New unemployment numbers show national economy affecting Louisiana - WAFB 9 News Baton Rouge, Louisiana News, Weather, Sports

New unemployment numbers show national economy affecting Louisiana

By Caroline Moses - bio | email

BATON ROUGE, LA (WAFB) - New unemployment numbers released Wednesday look much worse than the numbers from one year ago, or even those from one month ago. They paint a very different picture than the economic landscape Louisiana officials have been describing.

Louisiana Economic Development Secretary Stephen Moret and LSU economist Loren Scott have been spreading news of a stellar state economy. "So while the South shrank, the country shrank jobs, we grew jobs in this year," said Moret. "We'll actually grow by about 2,400 jobs in 2009," Scott said.

However, a new unemployment figure of 5.3% in Baton Rouge tells a different tale.
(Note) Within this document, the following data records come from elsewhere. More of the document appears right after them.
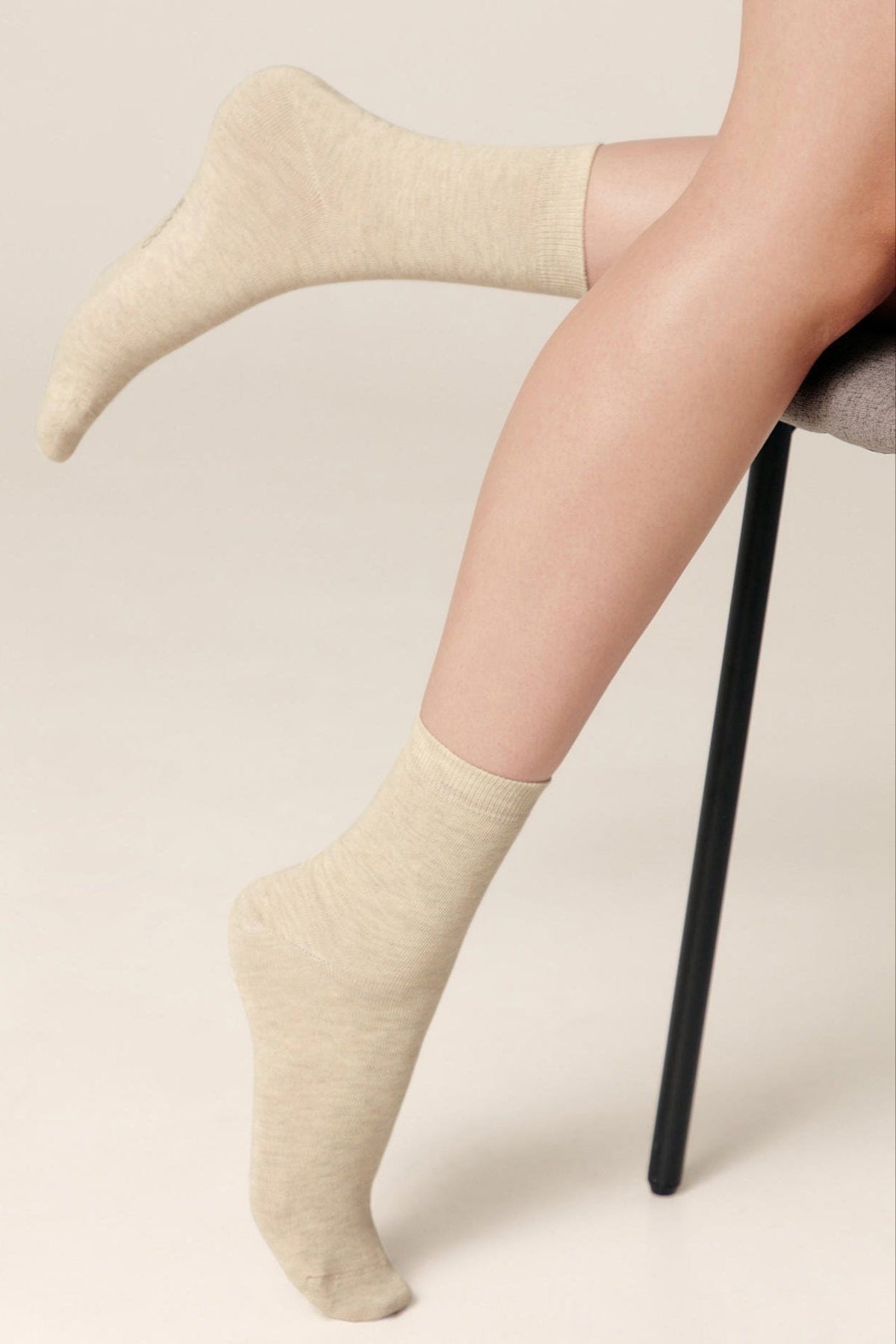 A pair of light beige crew socks worn on a person's feet, showing the ribbed cuff and smooth knit texture while they sit on a grey chair.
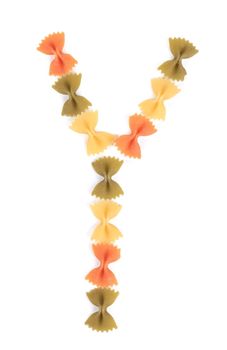 Letter Y from the colorful pasta. Isolated on a white background.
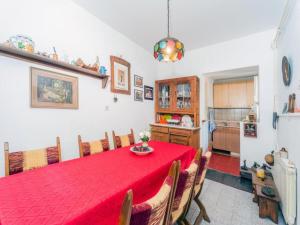 a dining room with a red table and a kitchen at Cocic Garden in Osijek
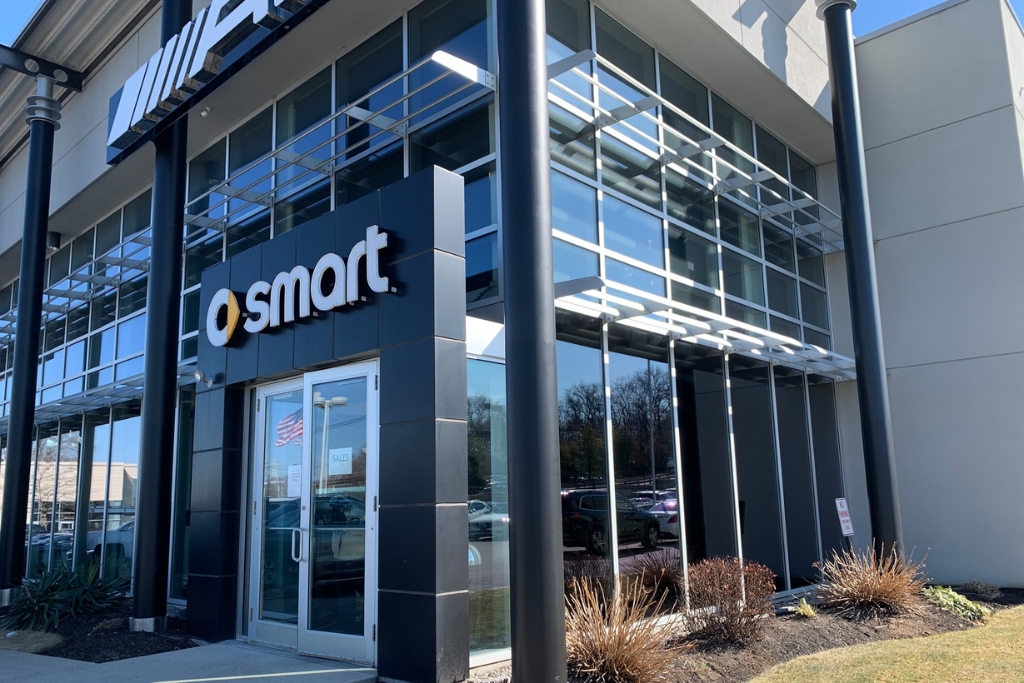 Modern commercial building with large glass windows and a sleek black entrance sign displaying the “smart” brand logo. The tinted and reflective windows enhance the building’s aesthetics while supporting branding and energy efficiency.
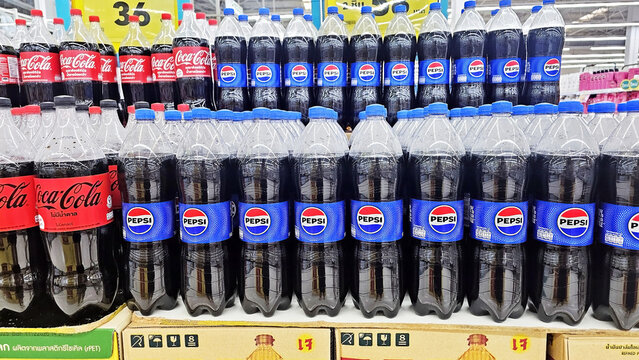 Soda Array: A neat and colorful arrangement of soda bottles, featuring Coca-Cola and Pepsi, arranged neatly on a retail shelf. Thailand, January 27, 2026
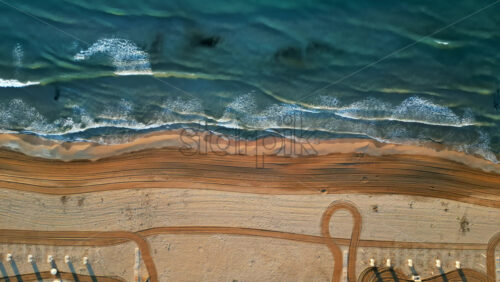 Aerial drone view of waves hitting the shore on the beach in Alicante, Spain - Starpik Stock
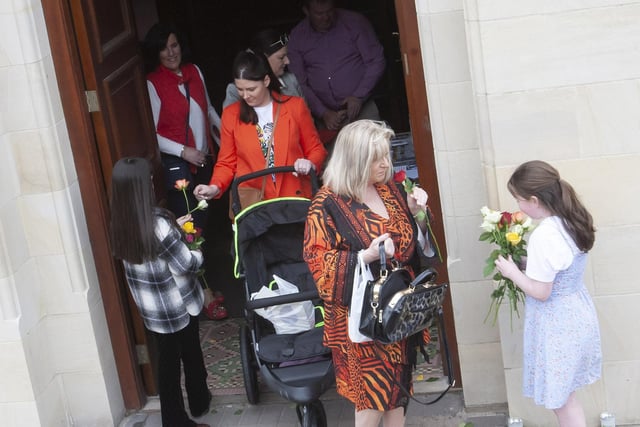 Children handing out flowers at the end of Sunday’s Sister Clare Crockett Retreat in the Long Tower Church.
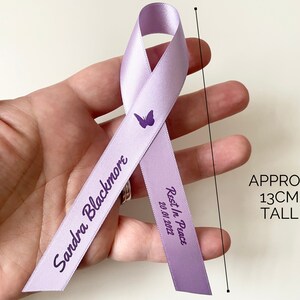 May include: A lavender ribbon with a butterfly design and the text "Sandra Blackmore Rest In Peace 20.01.2022". The ribbon is approximately 13 inches tall.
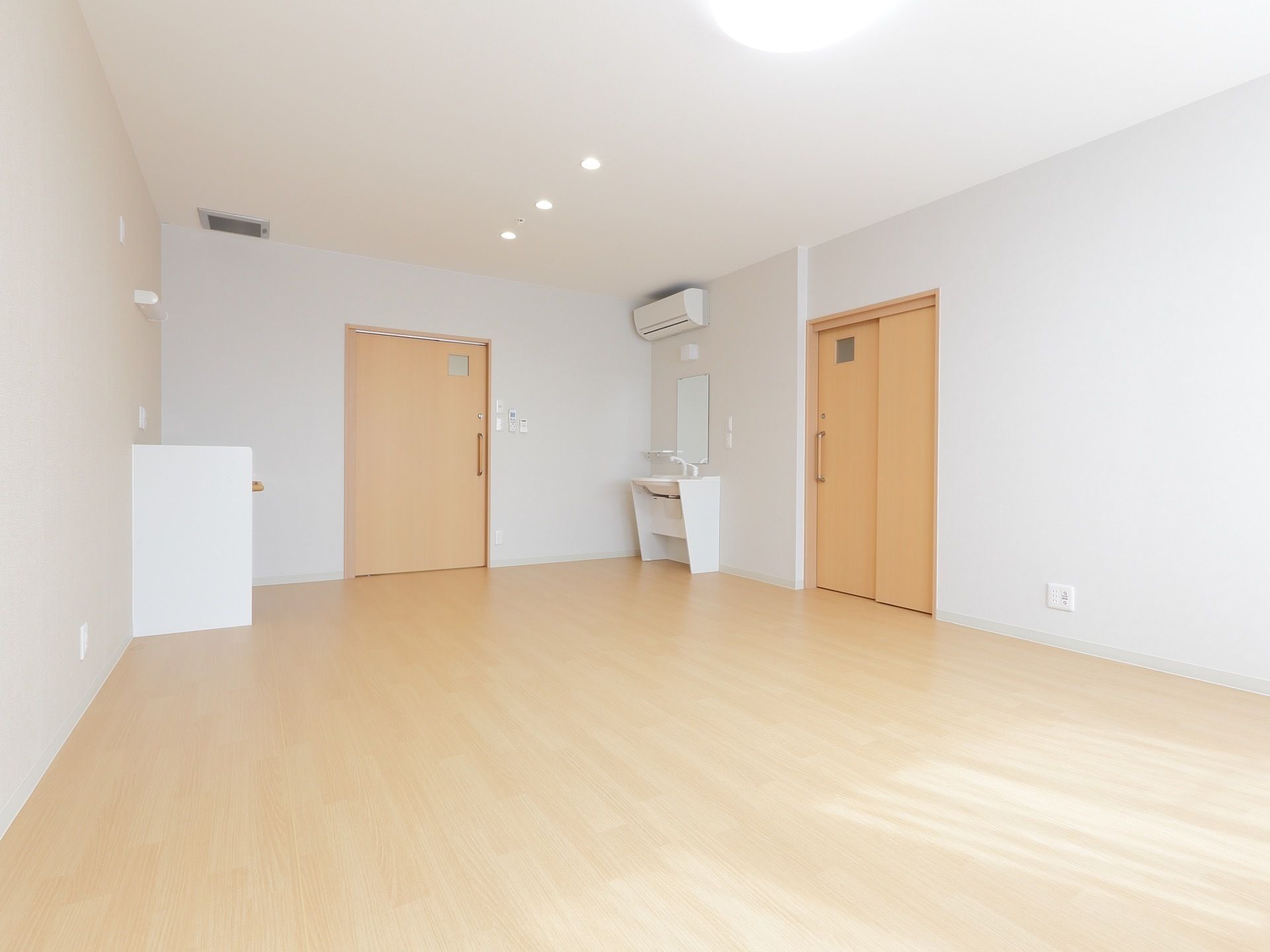 広々としていて、白を基調とした居室内には洗面所とエアコン、トイレが完備されている。床はフローリングでバリアフリー構造である。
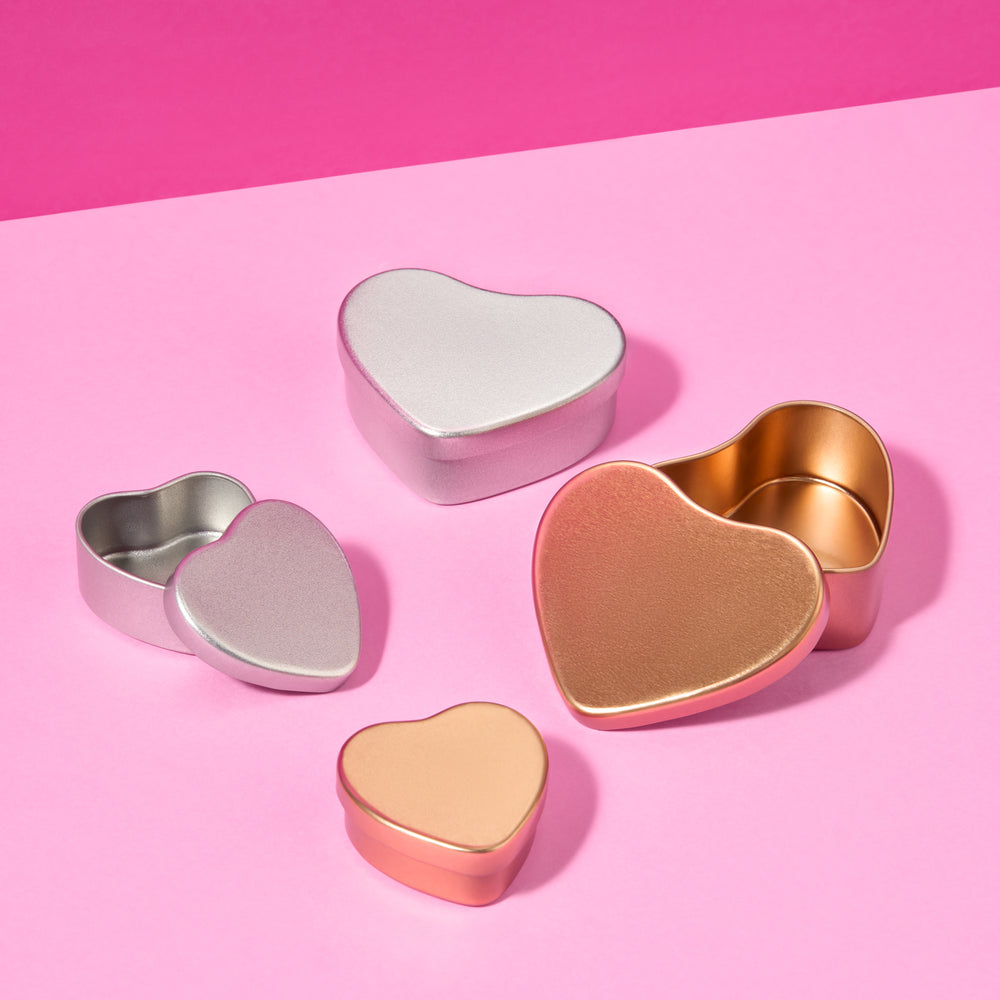 Collectie hartvormige blikken in zilver en roségoud op roze achtergrond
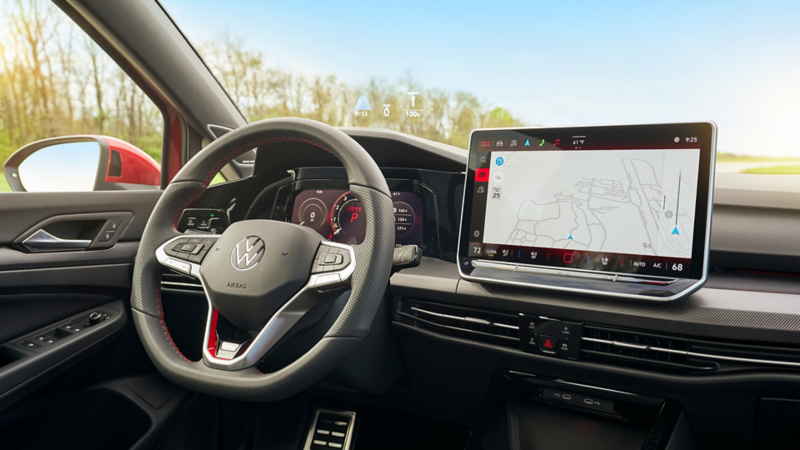 Interior view of the Kings Red Metallic Golf GTI Autobahn showing the steering wheel, fully digital gauge cluster, touchscreen display available navigation map and available head-up display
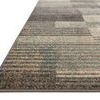 Side angle close-up showing low pile and edge binding of Bowery Storm Taupe rug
Unemployment is up .5% from last month and 1.5% from last year. "The number of unemployed increased and taken from survey and that's partly a result of the number of people in the workforce growing faster than the number of jobs," said Curt Eysink with the Louisiana Workforce Commission.

Eysink says the numbers show Louisiana is no longer immune to the recession. The number of people who filed for unemployment one week this month nearly tripled that of an average week last year. "I think everybody's been caught by surprise at the situation with the economy now compared to what it was six months ago, which is a relatively short time period," Eysink said. An example of the situation was a line in New Orleans Tuesday. All types of people, from college kids to senior citizens, showed up at a job fair hoping for work. "The major areas seeing layoffs are in the auto industry and the pulp and paper industry," he added.

It's not all gloom for certain industries, though. According to Forbes Magazine, some jobs are virtually recession-proof. Its top five safe jobs are:

#5 Accounting Staff
#4 Accounting Executive
#3 Nursing
#2 Software Design and Development
#1 Sales Representative

Eysink says Louisiana is still not nearly as affected as other states in country, at least not yet.